* _What to produce_
When the word "with" shows up in a line of the data below, copy that whole line.

* _Data block_
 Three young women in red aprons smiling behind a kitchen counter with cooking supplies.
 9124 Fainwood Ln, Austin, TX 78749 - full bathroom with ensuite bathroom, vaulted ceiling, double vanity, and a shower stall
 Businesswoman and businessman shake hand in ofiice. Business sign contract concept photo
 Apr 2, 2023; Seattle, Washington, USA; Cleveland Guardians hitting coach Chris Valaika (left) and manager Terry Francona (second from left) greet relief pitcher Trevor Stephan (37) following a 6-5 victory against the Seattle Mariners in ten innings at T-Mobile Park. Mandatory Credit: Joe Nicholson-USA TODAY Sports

* _Solution for this problem_
 Three young women in red aprons smiling behind a kitchen counter with cooking supplies.
 9124 Fainwood Ln, Austin, TX 78749 - full bathroom with ensuite bathroom, vaulted ceiling, double vanity, and a shower stall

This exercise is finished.